Despite numbers to the contrary, UK linebacker Courtney Love thinks the Kentucky defense is improving despite giving up 42 points and 500 yards to New Mexico State. (Photo by Vicky Graff )

Despite numbers to the contrary, UK linebacker Courtney Love thinks the Kentucky defense is improving despite giving up 42 points and 500 yards to New Mexico State. (Photo by Vicky Graff )

Mark Stoops said he was taking over the Kentucky defense last week and almost everyone thought it could not hurt. Yet with Stoops in charge, UK still gave up 42 points and 500 total yards to New Mexico State in a 62-42 win.

Kentucky hosts South Carolina Saturday night — a game many UK fans want to believe is winnable. But is it?

Kentucky ranks 122nd out of 128 teams in total defense (528 yards per game). The only worse defenses are Texas Tech, Arkansas Sate, Bowling Green, Hawaii, Texas State and Rice.

It gets worse. Kentucky is 127th in third-down defense, 116th in run defense, 112th in pass defense and 92nd in sacks. The Cats are also 122nd in scoring defense.
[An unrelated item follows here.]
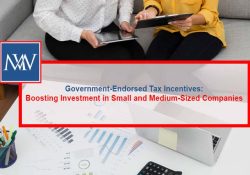 Government-Endorsed Tax Incentives: Boosting Investment in Small and Medium-Sized Companies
Kentucky is also 115th in turnover margin and 102nd in sacks allowed.

Yet linebacker Courtney Love says the defense is getting better. When I asked him how I could explain that to fans who looked at the numbers, he gave me this answer for you after last week’s win.

“We are getting better because you see guys making plays. You see guys getting to the ball. You see guys willing to fight the second half. It kind of looked like Southern Miss a little bit when they scored right before the half and they got momentum,” Love said. “We came out and got a stop and then another stop. Guys were just finishing and getting to the ball. You can see guys getting better and we will continue to do that. We just have to be more consistent. That’s all I can tell fans.”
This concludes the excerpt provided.